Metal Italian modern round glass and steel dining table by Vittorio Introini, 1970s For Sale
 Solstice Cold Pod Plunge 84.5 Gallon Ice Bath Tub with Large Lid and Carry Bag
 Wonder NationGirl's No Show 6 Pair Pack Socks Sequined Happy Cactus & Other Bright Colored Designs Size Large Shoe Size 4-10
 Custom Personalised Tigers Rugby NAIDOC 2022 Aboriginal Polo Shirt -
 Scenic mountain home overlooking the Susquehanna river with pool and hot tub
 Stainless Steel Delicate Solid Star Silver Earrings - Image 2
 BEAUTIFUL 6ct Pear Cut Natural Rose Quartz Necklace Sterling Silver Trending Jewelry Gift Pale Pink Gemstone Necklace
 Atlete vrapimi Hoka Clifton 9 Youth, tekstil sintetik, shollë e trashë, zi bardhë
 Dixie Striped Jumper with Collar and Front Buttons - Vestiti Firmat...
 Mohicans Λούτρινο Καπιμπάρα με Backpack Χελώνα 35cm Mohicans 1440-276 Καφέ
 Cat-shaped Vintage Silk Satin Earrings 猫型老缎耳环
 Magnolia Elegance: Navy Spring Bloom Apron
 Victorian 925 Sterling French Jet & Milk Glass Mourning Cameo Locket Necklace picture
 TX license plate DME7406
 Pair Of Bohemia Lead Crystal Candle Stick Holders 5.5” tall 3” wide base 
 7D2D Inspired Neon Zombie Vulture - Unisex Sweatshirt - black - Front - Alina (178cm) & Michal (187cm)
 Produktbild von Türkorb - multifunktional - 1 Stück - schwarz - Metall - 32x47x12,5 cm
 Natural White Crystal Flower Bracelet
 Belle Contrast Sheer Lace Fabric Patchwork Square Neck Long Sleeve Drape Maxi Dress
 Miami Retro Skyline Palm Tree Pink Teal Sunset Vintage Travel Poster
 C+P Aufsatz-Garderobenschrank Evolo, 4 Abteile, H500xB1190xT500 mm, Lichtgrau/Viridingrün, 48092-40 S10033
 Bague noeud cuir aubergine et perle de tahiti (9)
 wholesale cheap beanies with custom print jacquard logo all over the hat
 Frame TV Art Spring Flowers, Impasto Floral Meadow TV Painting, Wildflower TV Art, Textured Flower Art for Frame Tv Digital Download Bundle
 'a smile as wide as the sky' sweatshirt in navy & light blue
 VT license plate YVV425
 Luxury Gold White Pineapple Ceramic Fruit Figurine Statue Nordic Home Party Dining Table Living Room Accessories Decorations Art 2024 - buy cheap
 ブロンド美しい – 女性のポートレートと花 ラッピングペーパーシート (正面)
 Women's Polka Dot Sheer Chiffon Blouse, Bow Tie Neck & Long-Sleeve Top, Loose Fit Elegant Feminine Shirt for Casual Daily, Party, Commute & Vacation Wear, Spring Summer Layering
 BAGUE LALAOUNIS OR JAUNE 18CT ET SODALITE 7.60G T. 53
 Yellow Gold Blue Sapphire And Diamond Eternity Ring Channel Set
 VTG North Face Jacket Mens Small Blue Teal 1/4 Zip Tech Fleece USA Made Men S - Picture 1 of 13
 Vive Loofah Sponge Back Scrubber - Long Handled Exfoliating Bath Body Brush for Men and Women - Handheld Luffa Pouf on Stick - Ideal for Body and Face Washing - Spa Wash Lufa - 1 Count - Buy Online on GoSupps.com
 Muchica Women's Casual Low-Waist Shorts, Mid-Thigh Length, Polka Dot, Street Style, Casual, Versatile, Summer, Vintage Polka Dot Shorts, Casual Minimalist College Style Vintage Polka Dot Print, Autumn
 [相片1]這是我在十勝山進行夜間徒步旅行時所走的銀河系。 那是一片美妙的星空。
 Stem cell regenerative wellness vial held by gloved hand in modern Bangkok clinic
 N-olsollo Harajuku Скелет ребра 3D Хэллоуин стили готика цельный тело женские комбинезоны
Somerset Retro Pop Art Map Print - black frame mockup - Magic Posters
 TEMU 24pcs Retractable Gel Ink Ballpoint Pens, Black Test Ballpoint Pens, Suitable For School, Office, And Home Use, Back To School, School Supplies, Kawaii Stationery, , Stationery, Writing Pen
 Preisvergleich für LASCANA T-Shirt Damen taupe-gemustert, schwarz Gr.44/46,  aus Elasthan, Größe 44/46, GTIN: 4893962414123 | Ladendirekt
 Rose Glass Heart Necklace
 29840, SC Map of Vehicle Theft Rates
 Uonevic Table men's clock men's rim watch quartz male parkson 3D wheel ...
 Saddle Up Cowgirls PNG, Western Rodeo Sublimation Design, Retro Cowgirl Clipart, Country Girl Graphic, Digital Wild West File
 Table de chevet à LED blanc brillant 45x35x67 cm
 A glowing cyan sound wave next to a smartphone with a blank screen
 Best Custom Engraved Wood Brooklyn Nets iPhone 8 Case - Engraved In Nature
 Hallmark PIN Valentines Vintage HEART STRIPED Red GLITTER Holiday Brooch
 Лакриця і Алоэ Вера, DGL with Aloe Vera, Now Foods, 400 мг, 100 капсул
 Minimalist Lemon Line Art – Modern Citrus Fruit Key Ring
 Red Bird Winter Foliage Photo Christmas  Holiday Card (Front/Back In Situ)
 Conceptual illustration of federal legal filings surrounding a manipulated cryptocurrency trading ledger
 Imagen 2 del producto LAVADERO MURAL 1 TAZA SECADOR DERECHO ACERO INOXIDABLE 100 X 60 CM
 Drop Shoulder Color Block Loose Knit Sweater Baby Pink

Exercise description
Nothing beyond the lines from the start of the entries through the line with "Belle Contrast Sheer" should appear. Repeat those lines exactly, both ends included.

Result below
Metal Italian modern round glass and steel dining table by Vittorio Introini, 1970s For Sale
 Solstice Cold Pod Plunge 84.5 Gallon Ice Bath Tub with Large Lid and Carry Bag
 Wonder NationGirl's No Show 6 Pair Pack Socks Sequined Happy Cactus & Other Bright Colored Designs Size Large Shoe Size 4-10
 Custom Personalised Tigers Rugby NAIDOC 2022 Aboriginal Polo Shirt -
 Scenic mountain home overlooking the Susquehanna river with pool and hot tub
 Stainless Steel Delicate Solid Star Silver Earrings - Image 2
 BEAUTIFUL 6ct Pear Cut Natural Rose Quartz Necklace Sterling Silver Trending Jewelry Gift Pale Pink Gemstone Necklace
 Atlete vrapimi Hoka Clifton 9 Youth, tekstil sintetik, shollë e trashë, zi bardhë
 Dixie Striped Jumper with Collar and Front Buttons - Vestiti Firmat...
 Mohicans Λούτρινο Καπιμπάρα με Backpack Χελώνα 35cm Mohicans 1440-276 Καφέ
 Cat-shaped Vintage Silk Satin Earrings 猫型老缎耳环
 Magnolia Elegance: Navy Spring Bloom Apron
 Victorian 925 Sterling French Jet & Milk Glass Mourning Cameo Locket Necklace picture
 TX license plate DME7406
 Pair Of Bohemia Lead Crystal Candle Stick Holders 5.5” tall 3” wide base 
 7D2D Inspired Neon Zombie Vulture - Unisex Sweatshirt - black - Front - Alina (178cm) & Michal (187cm)
 Produktbild von Türkorb - multifunktional - 1 Stück - schwarz - Metall - 32x47x12,5 cm
 Natural White Crystal Flower Bracelet
 Belle Contrast Sheer Lace Fabric Patchwork Square Neck Long Sleeve Drape Maxi Dress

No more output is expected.